I have the following problem:

Give an example of arithmetic theory $T$ (i.e $T$ contains $\operatorname{PA}$ and has recursively enumerable set of axioms), such that theory $U = T + \operatorname{Con}_{T}$ is consistent, but theory $T + \operatorname{Con}_{U}$ is inconsistent.

It was already discussed here that we can easily have a consistent arithmetic theory $T$, such that $T + \operatorname{Con}_T$ is inconsistent by simply taking $T = \operatorname{PA} + \neg \operatorname{Con}_{PA}$. But what if we want to reach inconsistency by taking $\operatorname{Con}$ twice and not once?

My initial idea was to take $T = \operatorname{PA} + \neg \operatorname{Con}(\operatorname{PA} + \operatorname{Con_{PA}})$. Then $T + \operatorname{Con}_U$ is inconsistent, but I was not able to show that $T + \operatorname{Con}_T$ is consistent (and now I even think it is not the case).

Answer 1

Your initial idea is correct. $\DeclareMathOperator{Con}{Con}$ We can indeed prove that $T + \Con_T$ is consistent.

To do so, suppose $PA$ is consistent. Then by Gödel’s second incompleteness theorem, $PA + \neg \Con(PA)$ is also consistent. And clearly, $PA \vdash \Con(PA + \Con(PA)) \implies \Con(PA)$; thus, contrapositively, $PA + \neg \Con(PA) \vdash \neg \Con(PA + \Con(PA))$. So we see that $PA + \neg \Con(PA + \Con(PA))$ is consistent. That is, $T$ is consistent.

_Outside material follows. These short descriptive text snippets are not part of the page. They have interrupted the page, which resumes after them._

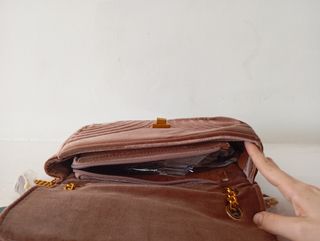 Bolso terciopelo  Y bolso mano negro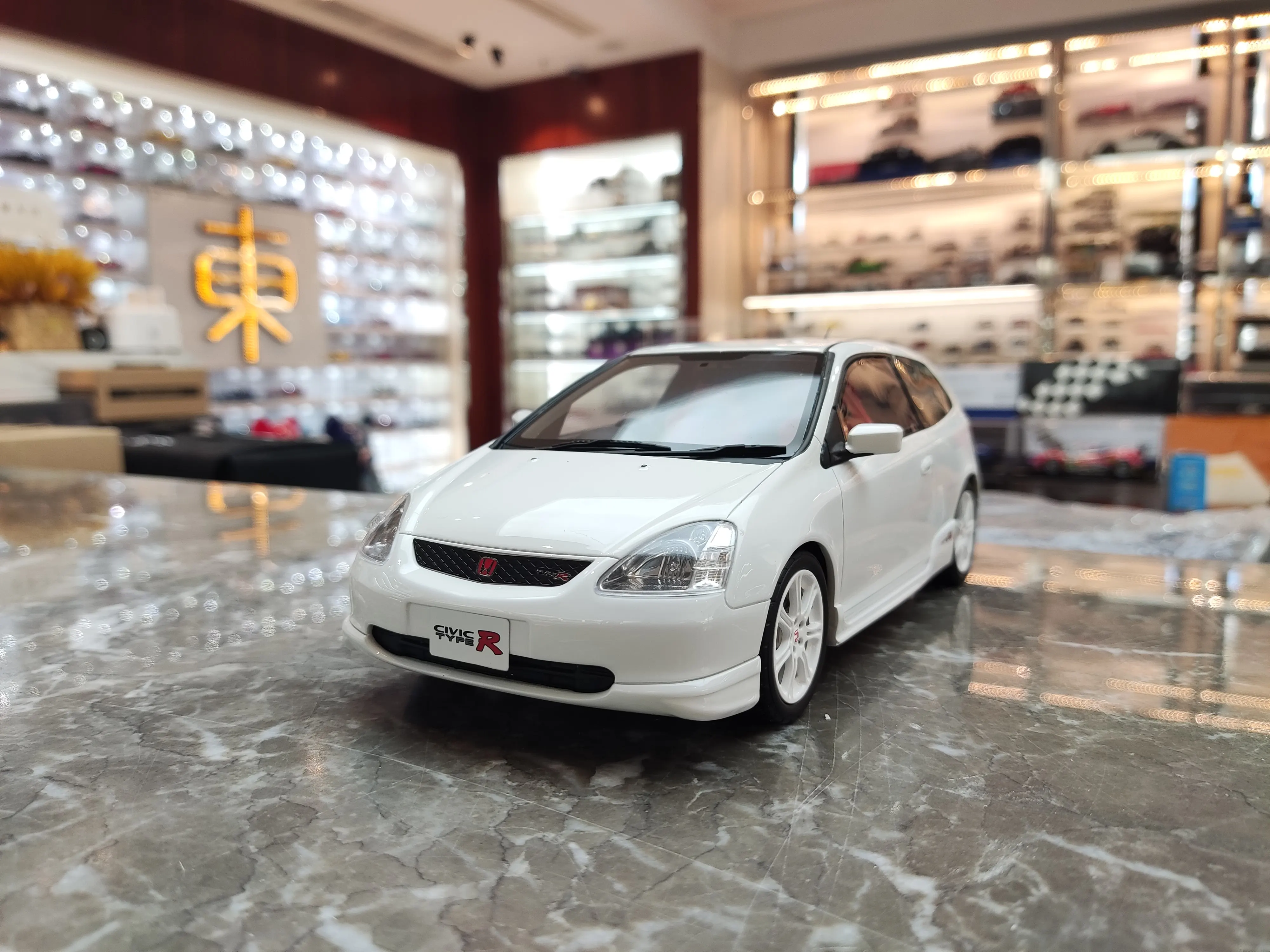 

OTTO 1:18 Honda Civic Type R Collector Edition Metal Static Model Toy Gift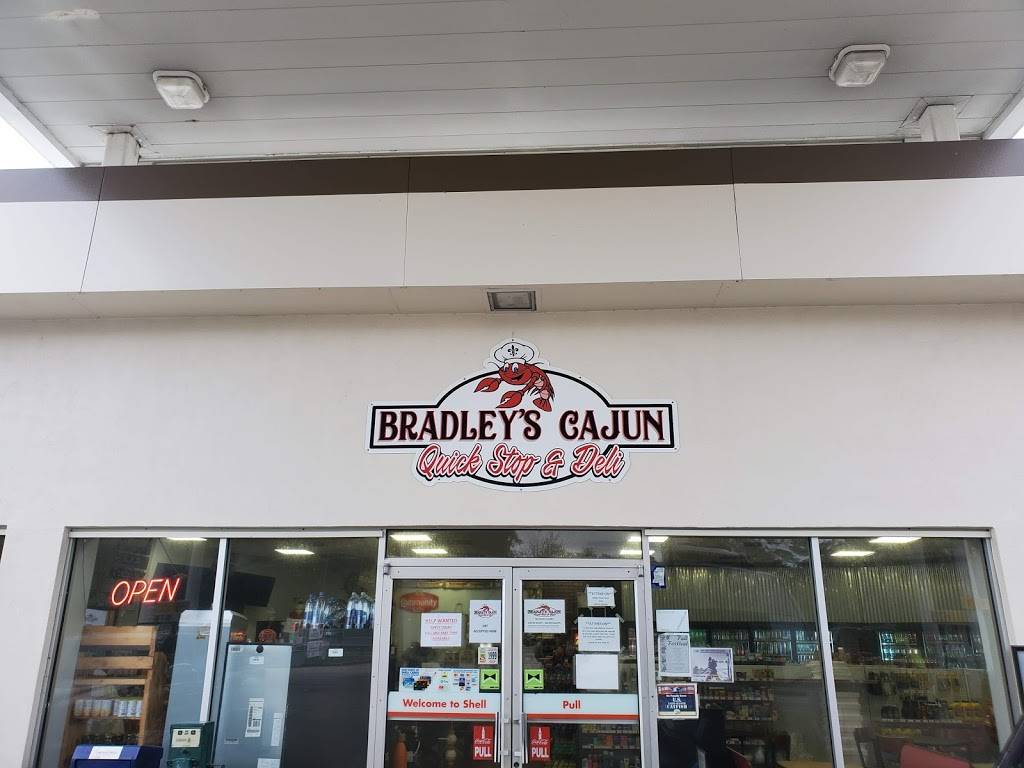 Bradleys | restaurant | 7011 Beatline Rd, Long Beach, MS 39560, USA | 2282066735 OR +1 228-206-6735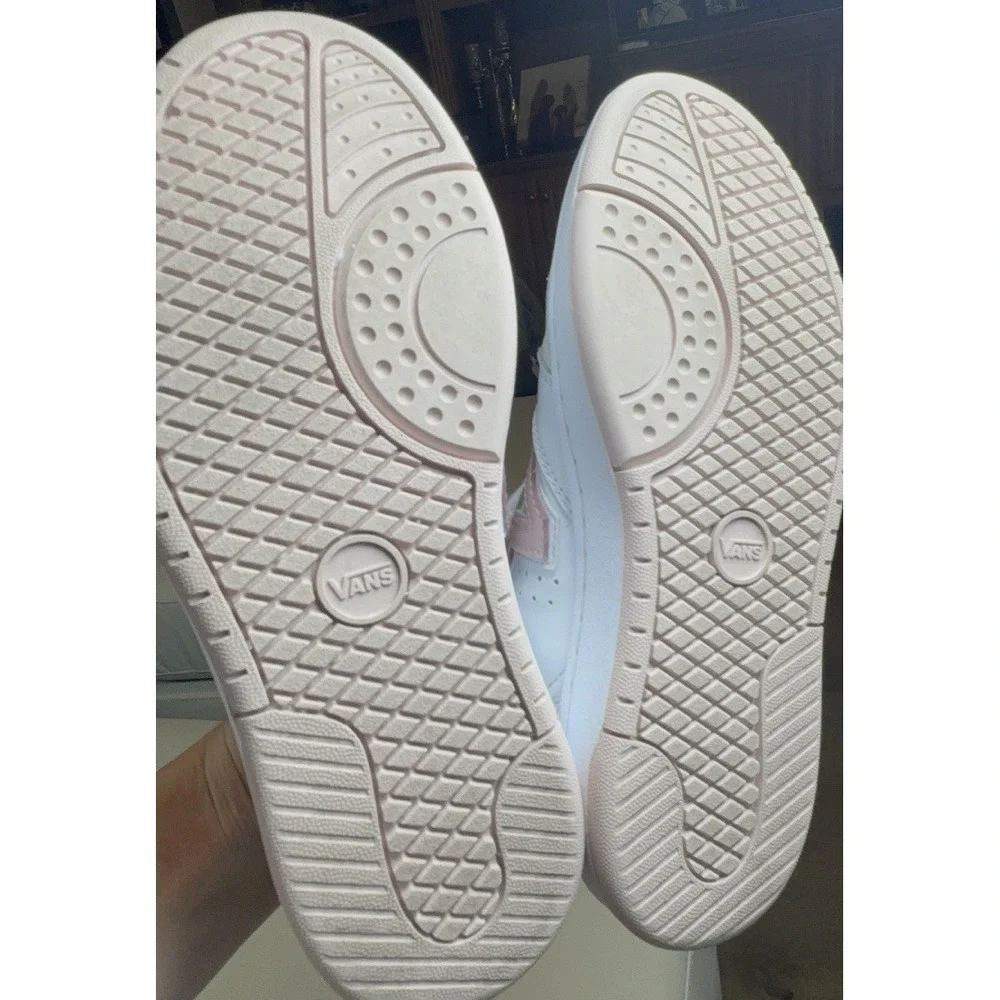 Vans Lowland 2.0 White/Sepia Rose Size 7.5W 6M EUC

We can formalise the above argument in PA itself to show that $PA + \Con(PA) \vdash \Con(T)$. Now $\mathbb{N} \models PA$, so $PA$ is consistent. Thus, $\mathbb{N} \models \Con(PA)$, so moreover $PA + \Con(PA)$ is consistent. Apply Gödel’s incompleteness theorem to get that $Q = PA + \Con(PA) + \neg \Con(PA + \Con(PA))$ is consistent. Then $Q \vdash T$ and $Q \vdash \Con_T$, so $T + \Con_T$ is consistent.